Washington state woman indicted in Vt. border patrol officer’s death

Washington state woman indicted in Vt. border patrol officer’s death



Washington state woman indicted in Vt. border patrol officer’s death

A Washington state woman previously charged in the death of a U.S. Border Patrol agent in Vermont has been indicted by a federal grand jury, WPTZ-TV reports.

Teresa Youngblut, 21, was indicted on federal firearms charges in the Jan. 20 death of Agent David Maland. She’s accused of opening fire on agents during a traffic stop in northern Vermont, sparking a shootout that also left her companion, Felix Bauckholt, dead.

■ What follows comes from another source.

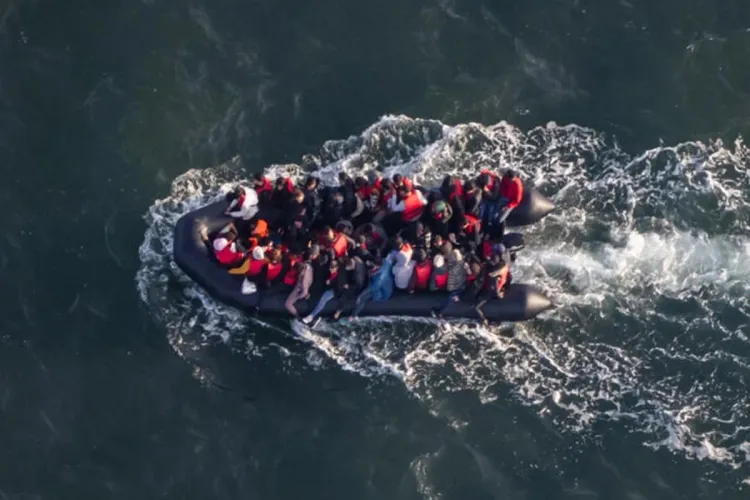 فرنسا: مصرع شخص إثر غرق مركب كان يقل أزيد من 60 مهاجرا عبر المانش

Court documents obtained by our sister station allege that Youngblut used a .40-caliber Glock handgun during the confrontation with Maland and other agents after a traffic stop in Coventry. Maland and Bauckholt were killed during the gunfire. Youngblut was injured and treated at a hospital before she was taken to the Chittenden Regional Correctional Facility.

More on the investigation into the shooting

Pennsylvania state police said last week that the gun used in the Vermont shooting was purchased by a person of interest in the Dec. 31, 2022, killings of Richard and Rita Zajko, who were shot to death in their Chester Heights home. Both Youngblut and the buyer were in frequent contact with someone who was detained as part of the Pennsylvania investigation and is a person of interest in another killing in California, U.S. Attorney Michael Drescher said in a court filing.

Prosecutors didn’t elaborate during a brief hearing last week during which neither Youngblut nor her attorney spoke, according to NBC affiliate WPTZ. Youngblut’s attorney has not responded to requests for comment on the charges.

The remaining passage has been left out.